* **Task to carry out**
Keep the pictures out, and restate the listing that follows exactly as written.

---------- Dataset records

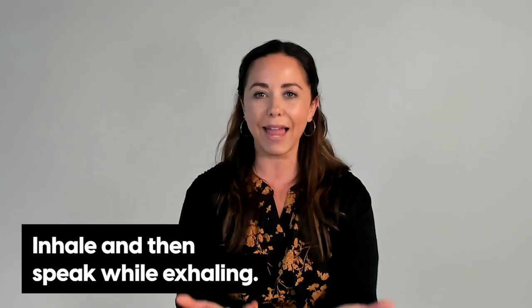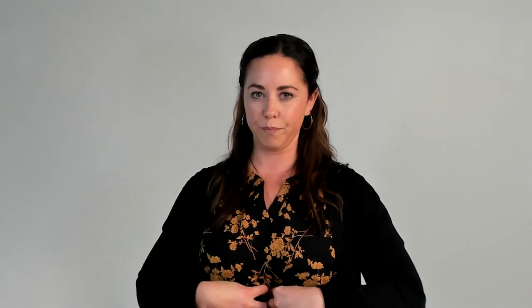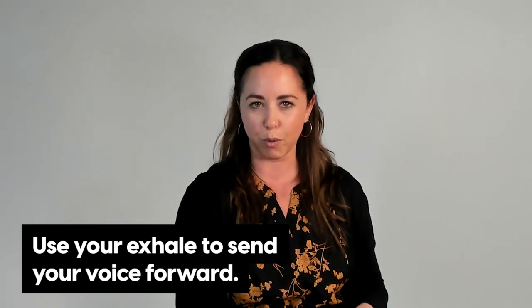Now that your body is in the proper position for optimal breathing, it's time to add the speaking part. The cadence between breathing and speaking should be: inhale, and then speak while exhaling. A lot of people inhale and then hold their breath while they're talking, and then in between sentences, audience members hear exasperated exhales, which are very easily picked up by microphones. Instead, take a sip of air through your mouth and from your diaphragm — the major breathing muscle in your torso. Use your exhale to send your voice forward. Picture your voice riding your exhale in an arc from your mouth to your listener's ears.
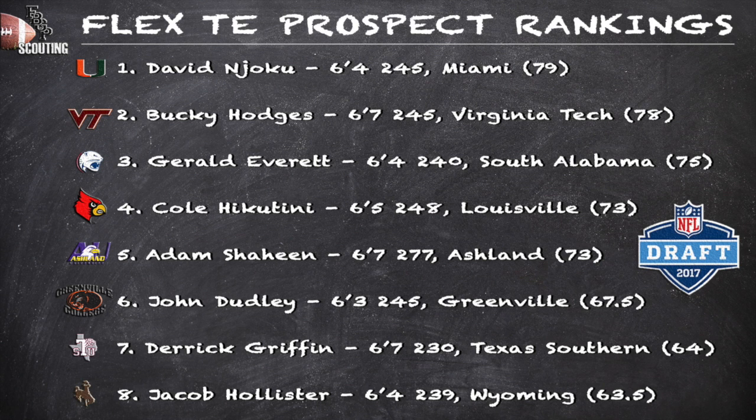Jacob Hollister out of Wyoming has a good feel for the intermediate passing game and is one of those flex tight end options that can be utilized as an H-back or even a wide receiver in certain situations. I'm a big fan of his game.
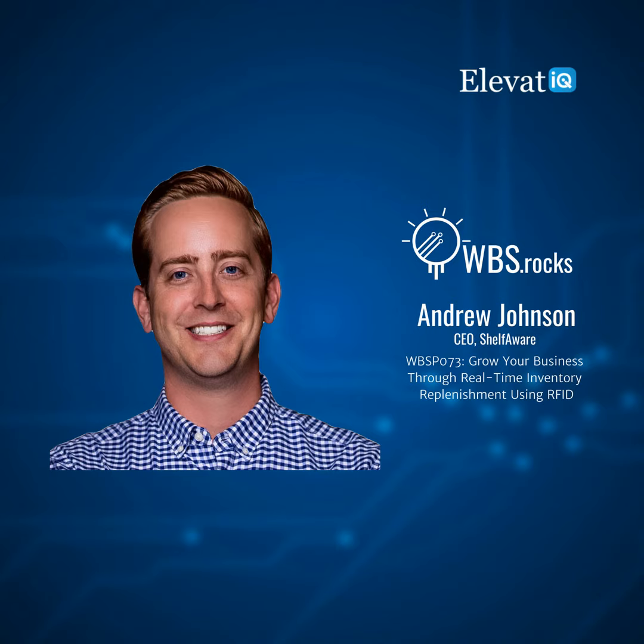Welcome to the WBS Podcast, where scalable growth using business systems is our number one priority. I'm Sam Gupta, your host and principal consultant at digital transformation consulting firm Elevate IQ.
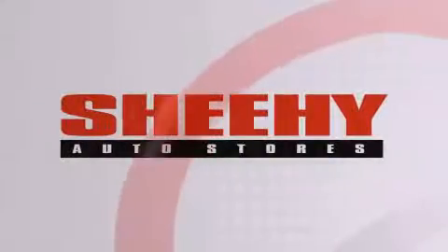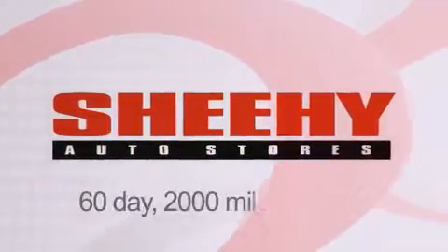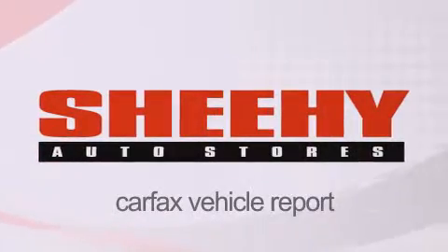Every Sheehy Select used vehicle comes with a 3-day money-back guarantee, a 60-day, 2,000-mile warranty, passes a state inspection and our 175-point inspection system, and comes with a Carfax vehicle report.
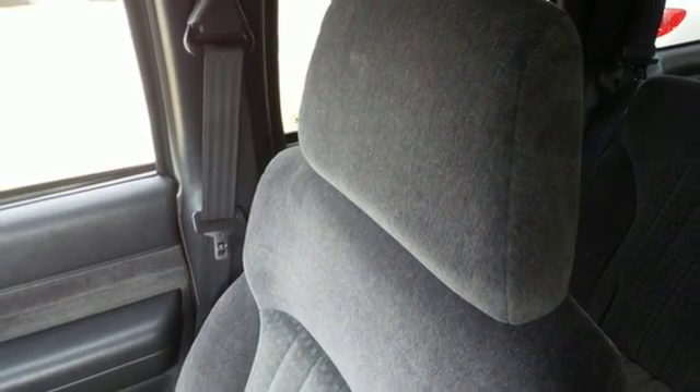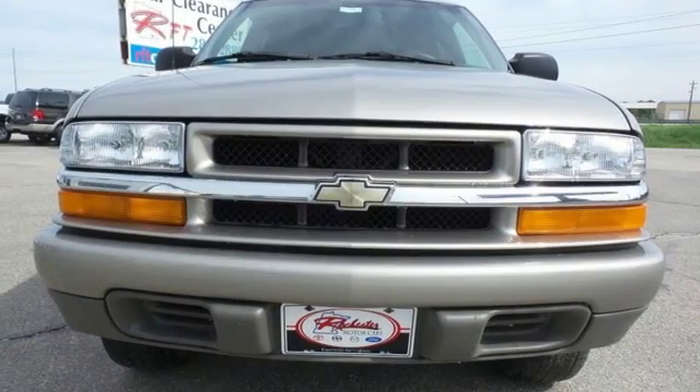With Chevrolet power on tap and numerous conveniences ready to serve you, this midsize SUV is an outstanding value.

--------------------

* **Exercise result**
Now that your body is in the proper position for optimal breathing, it's time to add the speaking part. The cadence between breathing and speaking should be: inhale, and then speak while exhaling. A lot of people inhale and then hold their breath while they're talking, and then in between sentences, audience members hear exasperated exhales, which are very easily picked up by microphones. Instead, take a sip of air through your mouth and from your diaphragm — the major breathing muscle in your torso. Use your exhale to send your voice forward. Picture your voice riding your exhale in an arc from your mouth to your listener's ears.
Jacob Hollister out of Wyoming has a good feel for the intermediate passing game and is one of those flex tight end options that can be utilized as an H-back or even a wide receiver in certain situations. I'm a big fan of his game.
Welcome to the WBS Podcast, where scalable growth using business systems is our number one priority. I'm Sam Gupta, your host and principal consultant at digital transformation consulting firm Elevate IQ.
Every Sheehy Select used vehicle comes with a 3-day money-back guarantee, a 60-day, 2,000-mile warranty, passes a state inspection and our 175-point inspection system, and comes with a Carfax vehicle report.
With Chevrolet power on tap and numerous conveniences ready to serve you, this midsize SUV is an outstanding value.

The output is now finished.